The freshwater microalga Scenedesmus sp. has been shown to have notable antimicrobial properties against a wide range of bacterial pathogens. It was reported that acetone, methanol, and dichloromethane extracts slightly inhibited the growth of Pseudomonas sp. and Xanthomonas oryzae, as did hot- and cold-water extracts (Beena and Krishnika, 2011) Moreover, the antimicrobial activity of Scenedesmus NT8c extracts was in accordance with Marrez et al. (2019) who reported that different organic extracts have shown considerable inhibition against S. aureus, E.coli, and S. typhi. In the present study, the 70% methanol extract of Scenedesmus sp. NT8C showed strong inhibition against gram-positive bacteria but not gram-negative bacteria. This is partially consistent with other studies conducted on the same species (Table 3).

On the other hand, it has been claimed that linolenic acid inhibits enoyl-acyl carrier protein reductase (FabI) in bacteria which plays a fundamental role in the synthesis and growth of bacterial fatty acids (Zheng et al., 2005). High amounts of linolenic acid were found in I. galbana, Scenedesmus sp. NT8c and Chlorella sp. FN1. This might indicate that these species have antimicrobial properties. In all cases, the antimicrobial activity was produced by intracellular extracts. Thus, the antimicrobial compounds must be extracted by an efficient method. However, disc-diffusion assays did not show zones of inhibition, probably because the concentration of those compounds was very low or they had low diffusion rates through the discs. Therefore, the spot-on-lawn method was adopted to show more antimicrobial activity and to confirm the findings, as it enabled direct contact between the compounds and the pathogens.

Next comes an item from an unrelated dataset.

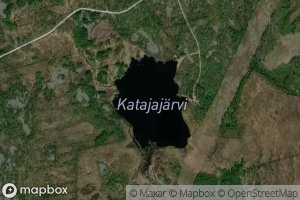 Katajajarvi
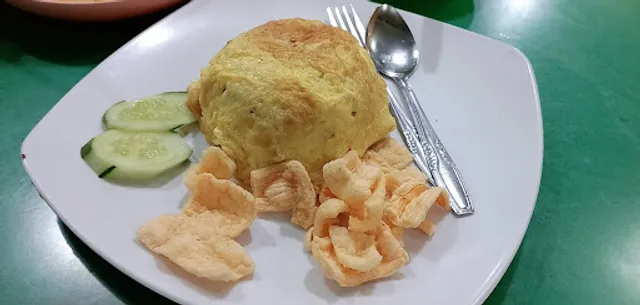 Ayam Geprek Sayang Bunda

This study confirmed that all three species are capable of producing antimicrobial compounds in both laboratory and industrial-scale conditions after being grown outdoors. The findings also showed that some microalgal species can produce antimicrobial compounds in a commercial setting or they can be developed as food supplements or as biopreservatives.

Conclusion

This study demonstrates the proof-of-concept that microalgae have the potential to generate potent antimicrobial compounds that act against human and plant pathogens when extraction processes are performed using appropriate solvents and conditions. The study found that three species of microalgae can produce strong antimicrobial compounds that inhibit the growth of different species of pathogenic gram-positive bacteria. The inhibition activity was caused by unsaturated fatty acids and carotenoids – compounds that were extracted efficiently from the selected species. These bacteriostatic or bactericidal bioactive compounds may act independently or through synergistic actions, although their precise mechanism of action is still unknown. Therefore further scrutiny and investigation are required to help unravel the mechanisms of microalgae–microbe interactions at play. In summary, this study has paved the way towards demonstrating the presence and viability of potential high-value pharmaceutical antimicrobials with the prospect of large-scale production.

Declaration of Competing Interest

The authors declare no conflict of interest.